Task objective:
In the listing that follows, print every line exactly and leave the images out.

Given data:
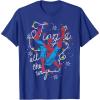 imageMarvel Christmas SpiderMan Jingle All The Way Action Pose TShirtRoyal Blue
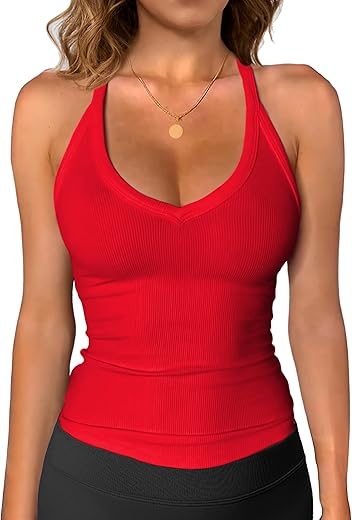 iGENJUN Womens Spaghetti Strap V-Neck Ribbed Tank Tops for Women 2026 Slim Fitted Soft Camisole Basic Layering Shirts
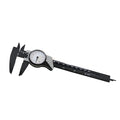 Black plastic Vernier caliper showing 0-150mm measurement scale with 0.1mm resolution markings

Result of this exercise:
 imageMarvel Christmas SpiderMan Jingle All The Way Action Pose TShirtRoyal Blue
 iGENJUN Womens Spaghetti Strap V-Neck Ribbed Tank Tops for Women 2026 Slim Fitted Soft Camisole Basic Layering Shirts
 Black plastic Vernier caliper showing 0-150mm measurement scale with 0.1mm resolution markings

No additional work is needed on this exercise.